Early etymology of boy: Wikipedia has:
The word "boy" comes from Middle English boi, boye ("boy, servant"),
related to other Germanic words for boy, namely East Frisian boi
("boy, young man") and West Frisian boai ("boy").
Although the exact etymology is obscure, the English and Frisian forms
probably derive from an earlier Anglo-Frisian *bō-ja ("little
brother"), a diminutive of the Germanic root *bō- ("brother, male
relation"), from Proto-Indo-European *bhā-, *bhāt- ("father,
The root is also found in Norwegian dialectal boa ("brother"), and,
through a reduplicated variant *bō-bō-, in Old Norse bófi, Dutch boef
"(criminal) knave, rogue", German Bube ("knave, rogue, boy").
Furthermore, the word may be related to Bōia, an Anglo-Saxon personal
and The Online Etymology Dictionary [re-ordered]
[boy] mid-13c., boie "servant, commoner, knave" (generally young and male); c. 1300, "rascal, ruffian, knave; urchin," mid-14c. as
"male child before puberty" (possibly an extended sense from the
"urchin" one). A word of unknown origin.
Possibly from Old French embuie "one fettered," from Vulgar Latin
*imboiare, from Latin boia "leg iron, yoke, leather collar," from Greek boeiai dorai "ox hides." (Words for "boy" double as "servant,
attendant" across the Indo-European map -- compare Italian ragazzo,
French garçon, Greek pais, Middle English knave, Old Church Slavonic
otroku -- and often it is difficult to say which meaning came first.)
But it also appears to be identical with East Frisian boi "young
gentleman," and perhaps with Dutch boef "knave," from Middle Dutch
boeve, perhaps from Middle Low German buobe. This suggests a
gradational relationship to babe.
In Old English, only the proper name Boia has been recorded. ME boi
meant 'churl, servant' and (rarely) 'devil.' In texts, the meaning
'male child' does not antedate 1400. ModE boy looks like a semantic
blend of an onomatopoeic word for an evil spirit (*boi) and a baby
word for 'brother' (*bo). [Liberman]
For a different conjecture: Used slightingly of young men in Middle
English, also in familiar or contemptuous use of criminal toughs or
men in the armed services. In some local uses "a man," without
reference to age (OED lists "in Cornwall, in Ireland, in the far West
of the U.S."). Meaning "male negro slave or Asian personal servant of
any age" attested from c. 1600. Extended form boyo is attested
from 1870. Emphatic exclamation oh, boy is attested by 1917.)
So, from times not too long after its earliest use in English, 'boy' seems to have carried the unmarked sense (male child / male relation / little brother), as well as the pejorative (urchin / rascal / knave), and even approbatory (young gentleman) associations.
The problems associated with using a term that can both be unmarked, mundane and highly proper, and offensive have been found especially in the United States and South Africa [the same Wikipedia article]:
Historically, in the United States and South Africa, "boy" was not
only a "neutral" term for domestics but also a disparaging term
towards men of color; the term implied a subservient status.

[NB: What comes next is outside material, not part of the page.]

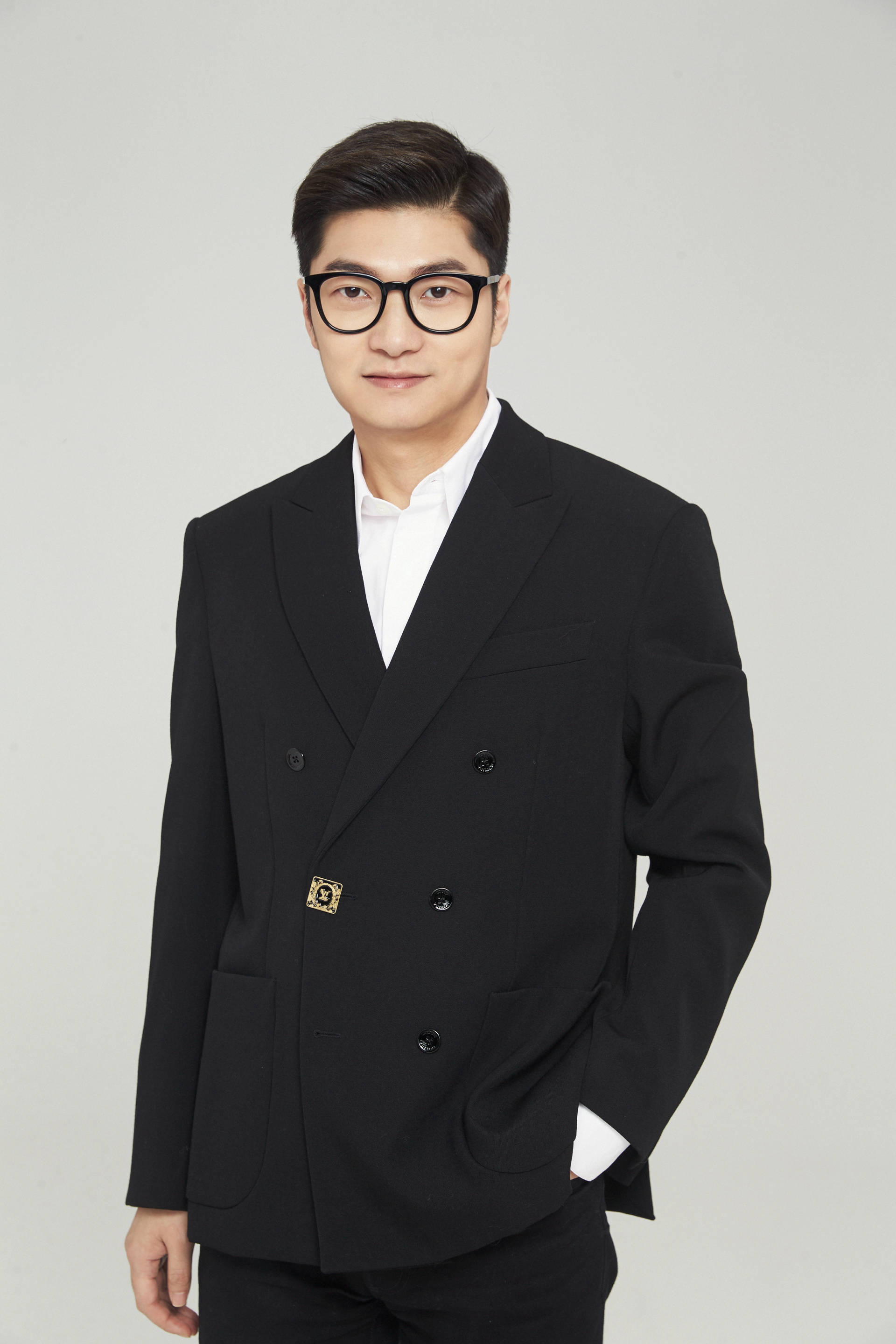 直播网红批量撤离杭州?遥望科技董事长谢如栋:未观察到该现象<strong></p>
<p>长信科技股票</strong>,行业分配正从头部主播高收入趋向更均衡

The article goes on to describe diachronic changes in the perceived degree of offensiveness of the word:
The use of the term "boy" to describe men of color has not always been
used as an insult, however; for example, Thomas Branch, an early
African-American Seventh-day Adventist missionary to Nyassaland
(Malawi) [1900s] referred to the native students as boys:
There is one way by which we judge many of our present boys to be quite different from some of those who were here long ago: those that
are married have their wives here with them, and build their own
houses, and all are busy making their gardens. I have told all the
boys that if they wished to stay here and learn, those that had wives
must bring them. This is having a good effect on them. They stay
longer, and are more attentive to their work and their studies.
... [2010s] Multiple politicians – including New Jersey Governor Chris Christie
and former Kentucky Congressman Geoff Davis – have been criticized
publicly for referring to a black man as "boy.
During an event promoting the 2017 boxing bout between Floyd
Mayweather Jr. and Conor McGregor, the latter told the former to
"dance for me, boy." The remarks led several boxers – including
Mayweather and Andre Ward – as well as multiple commentators to accuse
McGregor of racism.
This is obviously a complex issue. A Welshman would refer to a mate as 'boyo' in just the same spirit as others would refer to mates as 'lover', 'me old mucker', 'old boy', 'my dear old thing'... and exception could doubtless be taken to all of these. 'Pal' said in a certain way is just as nasty as others. As always, the answer to misuse is not disuse but proper use. And as always, if one does not agree on a final arbiter, deciding on which is which merely rephrases the problem.